InfluxDB schema - new Series, Measurement, Database or Server?

paulo · April 19, 2017, 2:09pm

I want to collect:

Server KPIs (cpu/ram/disk/etc);
Web Access Logs (method/path/status/etc);
Services up-status (serviceX is running, serviceY is down, etc);
…

I am already collecting Server KPIs into an InfluxDB server similar to:

InfluxDB
--> database_xyz
----> measurement_CPU
------> tag layer: "web"
        tag server: "webserver-1"
        value cpu_idle: 93
        value cpu_something: 4
----> measurement_RAM
------> tag layer: "web"
        tag server: "webserver-1"
        value RAM_Free: 65536

Now I want to also collect, say, the Web Access Logs but I’m unsure how exactly InfluxDB is meant to be structured.

1) Should we add everything to the same measurement but filtered by Tags?

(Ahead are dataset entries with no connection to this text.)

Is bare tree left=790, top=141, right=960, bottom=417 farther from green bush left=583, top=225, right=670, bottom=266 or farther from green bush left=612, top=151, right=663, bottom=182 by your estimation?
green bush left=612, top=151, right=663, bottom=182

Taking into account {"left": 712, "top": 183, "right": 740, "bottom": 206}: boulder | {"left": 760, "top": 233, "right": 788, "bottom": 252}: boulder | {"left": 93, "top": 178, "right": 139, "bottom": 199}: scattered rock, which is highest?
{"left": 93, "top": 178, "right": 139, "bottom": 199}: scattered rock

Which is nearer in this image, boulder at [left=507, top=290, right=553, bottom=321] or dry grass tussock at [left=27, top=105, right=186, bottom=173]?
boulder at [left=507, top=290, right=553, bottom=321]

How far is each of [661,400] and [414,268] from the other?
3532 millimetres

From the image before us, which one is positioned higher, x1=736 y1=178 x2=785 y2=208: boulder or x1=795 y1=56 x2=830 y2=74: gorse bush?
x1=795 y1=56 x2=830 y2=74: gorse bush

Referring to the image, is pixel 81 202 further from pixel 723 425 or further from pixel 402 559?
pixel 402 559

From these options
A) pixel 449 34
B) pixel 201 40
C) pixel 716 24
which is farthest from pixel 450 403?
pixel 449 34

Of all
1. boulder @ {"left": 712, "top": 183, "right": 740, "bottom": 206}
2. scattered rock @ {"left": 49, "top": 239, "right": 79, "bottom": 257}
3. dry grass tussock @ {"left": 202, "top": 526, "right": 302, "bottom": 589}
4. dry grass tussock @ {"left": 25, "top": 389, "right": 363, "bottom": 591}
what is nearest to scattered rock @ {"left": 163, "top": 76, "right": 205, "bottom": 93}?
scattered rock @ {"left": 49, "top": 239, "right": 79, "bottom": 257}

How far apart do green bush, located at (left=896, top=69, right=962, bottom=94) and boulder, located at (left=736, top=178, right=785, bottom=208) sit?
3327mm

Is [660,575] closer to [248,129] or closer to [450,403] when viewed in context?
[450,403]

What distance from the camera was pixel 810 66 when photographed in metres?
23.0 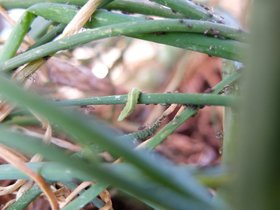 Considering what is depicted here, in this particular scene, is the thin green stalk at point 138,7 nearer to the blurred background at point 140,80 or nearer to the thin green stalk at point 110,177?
the blurred background at point 140,80

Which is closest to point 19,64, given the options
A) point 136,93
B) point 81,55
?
point 136,93

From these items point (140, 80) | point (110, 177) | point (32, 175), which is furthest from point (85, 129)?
point (140, 80)

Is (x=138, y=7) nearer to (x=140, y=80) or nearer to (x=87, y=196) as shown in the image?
(x=87, y=196)

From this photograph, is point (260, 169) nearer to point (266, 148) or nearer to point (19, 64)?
point (266, 148)

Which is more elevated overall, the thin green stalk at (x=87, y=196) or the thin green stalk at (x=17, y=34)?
the thin green stalk at (x=17, y=34)

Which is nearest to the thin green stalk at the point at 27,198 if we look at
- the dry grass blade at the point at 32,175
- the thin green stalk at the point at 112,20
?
the dry grass blade at the point at 32,175

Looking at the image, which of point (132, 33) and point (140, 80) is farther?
point (140, 80) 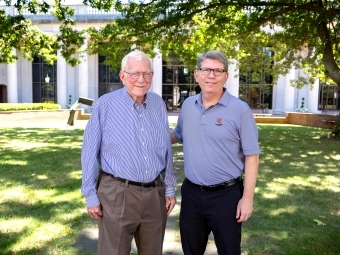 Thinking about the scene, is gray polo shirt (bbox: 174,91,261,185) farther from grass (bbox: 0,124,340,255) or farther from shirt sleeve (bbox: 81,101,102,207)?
grass (bbox: 0,124,340,255)

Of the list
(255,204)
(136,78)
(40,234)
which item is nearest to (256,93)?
(255,204)

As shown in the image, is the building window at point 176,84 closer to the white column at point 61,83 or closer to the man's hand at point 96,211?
the white column at point 61,83

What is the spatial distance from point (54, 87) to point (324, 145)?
3449 centimetres

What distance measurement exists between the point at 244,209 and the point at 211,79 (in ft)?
3.31

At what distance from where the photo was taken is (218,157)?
2.62 m

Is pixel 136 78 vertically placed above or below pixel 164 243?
above

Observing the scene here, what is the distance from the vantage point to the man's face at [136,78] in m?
2.46

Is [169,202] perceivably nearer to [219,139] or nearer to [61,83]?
[219,139]

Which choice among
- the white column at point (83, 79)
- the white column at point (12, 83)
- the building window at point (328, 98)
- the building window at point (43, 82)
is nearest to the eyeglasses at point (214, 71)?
the white column at point (83, 79)

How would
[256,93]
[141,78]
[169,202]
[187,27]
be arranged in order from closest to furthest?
[141,78]
[169,202]
[187,27]
[256,93]

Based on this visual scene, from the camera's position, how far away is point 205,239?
9.43 feet

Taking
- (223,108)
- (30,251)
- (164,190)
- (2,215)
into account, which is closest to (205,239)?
(164,190)

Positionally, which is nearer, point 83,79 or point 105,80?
point 83,79

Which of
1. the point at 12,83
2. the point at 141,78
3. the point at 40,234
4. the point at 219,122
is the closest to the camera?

2) Should we create a different Measurement per … type of log (ex: ServerKPIs, WebAccessLogs) or per type of sub-log (ex: ServerKPI-CPU, ServerKPI-RAM)?

3) Should we create a different Database altogether per type of log?

4) Should we create a different InfluxDB server per type of log?

This just feels so clunky and ugly… However, looks to me completely feasible and I can’t think of any technical drawbacks. Can this give me the best flexibility/ease to in the future process the data (ex: CPU used per Request/s)?
Feels pretty standard to me, which is why I originally went with this structure. Am I losing any kind of ability to combine data?
Seems quite reasonable to separate such disparate logs, after all, they really are different logs. Would I lose ability to combine logs (ex: CPU used per Request/s)?
If I just create a new InfluxDB server (same machine), later scaling the system to remove bottlenecks should be quite easy, by moving each InfluxDB service into its own dedicated machine. Would I still be able to combine logs, in the likes of Grafana?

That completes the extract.